Only a verbatim restatement of the lines from the one with "Vintage 70s Leather Brown Jacket" through the end of the listing below is wanted. Pictures should be left out.

- _DATASET CONTENT_
[Start of section]
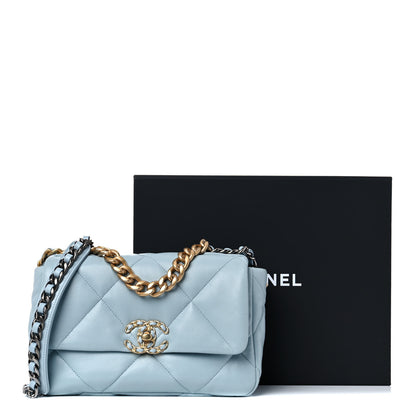 Chanel Lambskin Quilted Medium Chanel 19 Flap Light Blue 10 of 10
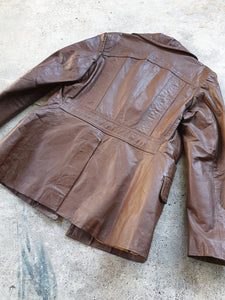 Vintage 70s Leather Brown Jacket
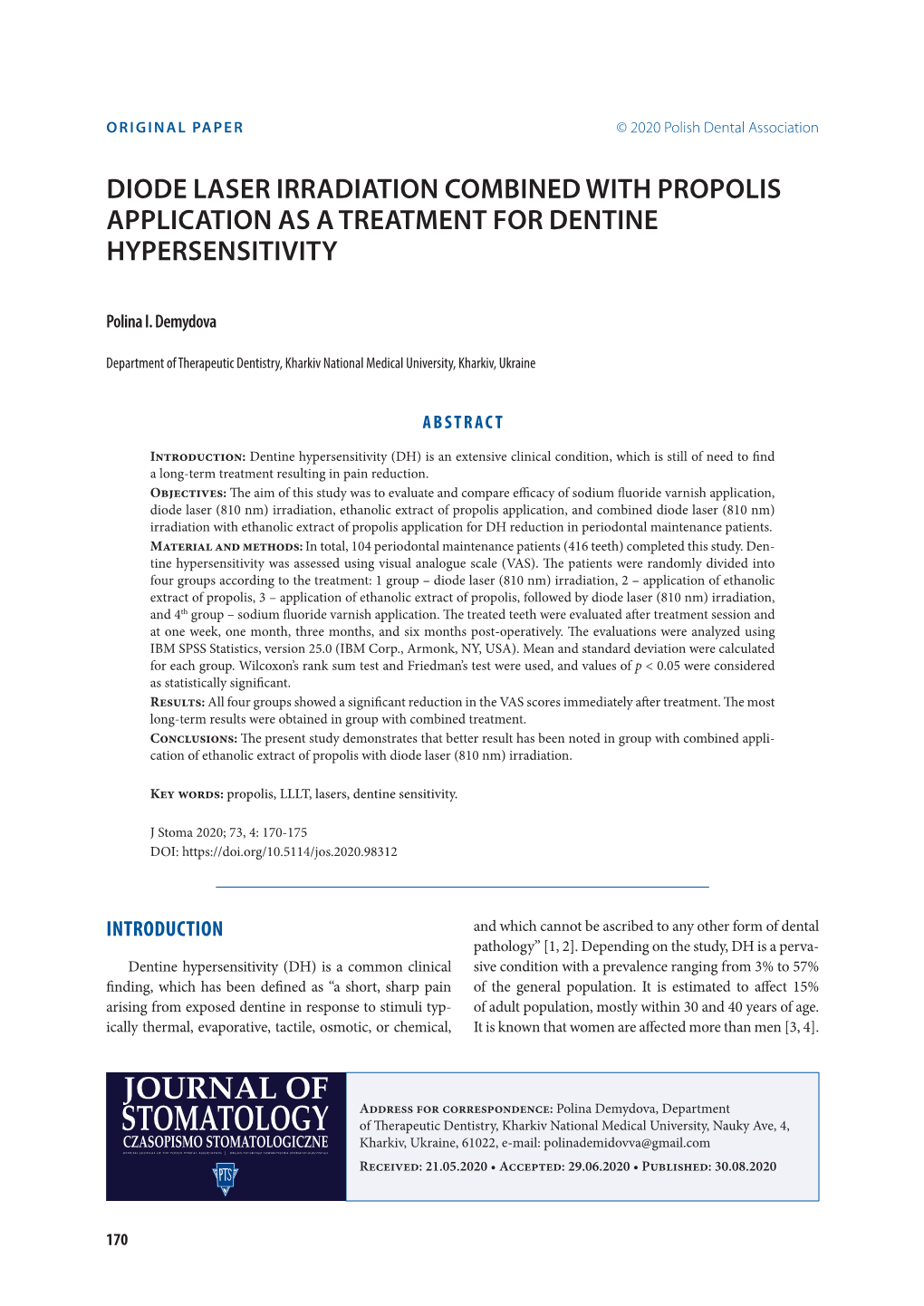 Diode Laser Irradiation Combined with Propolis Application As a Treatment for Dentine Hypersensitivity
[End of section]
- _ANSWER SPACE_
 Vintage 70s Leather Brown Jacket
 Diode Laser Irradiation Combined with Propolis Application As a Treatment for Dentine Hypersensitivity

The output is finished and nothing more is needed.